カナリア('04) 塩田明彦 <そこのけ、そこのけ、「子供十字軍」が罷り通る>

 子供が、大人または大人社会によって、自分の意思とは無縁な辺りで遺棄されるような苛烈な環境に置かれていて、その子供の現在的なキャパシティを遥かに越える適応を、彼らを囲繞する環境から強いられたとき、その子供が自分を理不尽な状況下に置かれた現実を、邪悪、且つ否定的な感覚で、その幼い自我の内に把握することによって、その子供が、これまでの負性の関係史を反転攻勢させる意志に繋げる薄明の文脈を身体化するということ。
 
 それは、幼い自我の明瞭な大人、または大人社会への異議申し立てであり、しばしば、激越な行動を随伴することで、一見、「子供VS.大人・大人社会」という短絡的な関係構図の内に、「聖なる子供十字軍」の進軍が発動されて、画面一杯に、その高らかな雄叫びや浮薄なアジテーションが、多分に感傷含みで刻まれていくであろう。

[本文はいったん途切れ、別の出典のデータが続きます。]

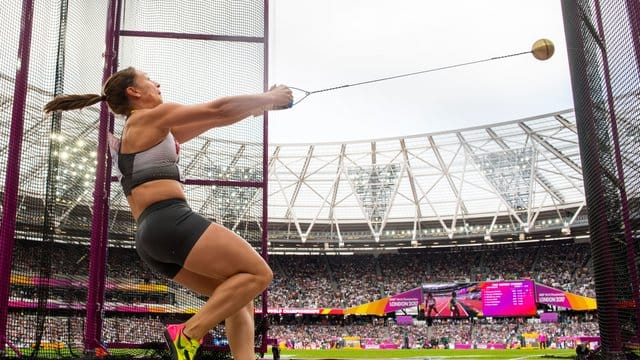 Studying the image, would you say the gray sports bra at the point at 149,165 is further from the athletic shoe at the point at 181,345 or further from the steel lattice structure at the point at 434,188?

 私は大枠に於いて、このような溢れ返るような映像表現の類の作品を、「聖なる子供十字軍」の殆ど遊戯的なコミック映像群と呼んでいる。例を挙げれば限りがないから省略するが、近年、この類の映像群が巷に氾濫していることに深く嘆息している。

 そんな映像群の一つである本作を最後まで我慢して観て、どうしても幾つかの点について言及せずにはいられなかった。その辺を書いていく。

 まず、このようなテーマを持つ作品を世に放つとき、無視し難い視座があることを指摘したい。

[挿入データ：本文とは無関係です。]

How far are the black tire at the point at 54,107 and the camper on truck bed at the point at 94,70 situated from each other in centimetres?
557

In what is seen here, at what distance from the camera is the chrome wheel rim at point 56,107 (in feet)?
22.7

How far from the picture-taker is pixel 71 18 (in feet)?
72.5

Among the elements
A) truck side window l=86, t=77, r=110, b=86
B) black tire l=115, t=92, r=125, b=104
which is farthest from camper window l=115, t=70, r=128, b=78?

 即ち、苛酷な環境下に置かれた子供が、その負性なる環境の縛りを突き破り、その邪悪なる世界と何某かの対決を身体化するとき、そこで表現された身体的、理念的ラインの内には不可避なる制約があるということだ。その映像をファンタジーや、重厚な形而上学、純粋コミックの世界に流そうとせず、少なくとも、作品の骨格からリアリズムを意図的に削ろうとしないならば、どうしても、その作品には不可避なる制約が付きまとってしまうのである。

 それは、例えば12歳の子供なら、その子供の自我の現在性という絶対的制約がある。つまり、その子供の自我が抱える情報、経験、感性の総体の内側からのみ、その子供の表現の全てが吐き出されてくる限り、そこで吐き出された表現には、経験的に社会化された重量感が当然ながら欠落することになる。

 本作の少年が、ラストシーンに於いて、「我は全てを許す者なり」と、恰も、状況を俯瞰した者の視座で言い放つとき、果たしてそこに、この少年のメッセージに仮託された作り手の思いがどれほど具象化されているのだろうか。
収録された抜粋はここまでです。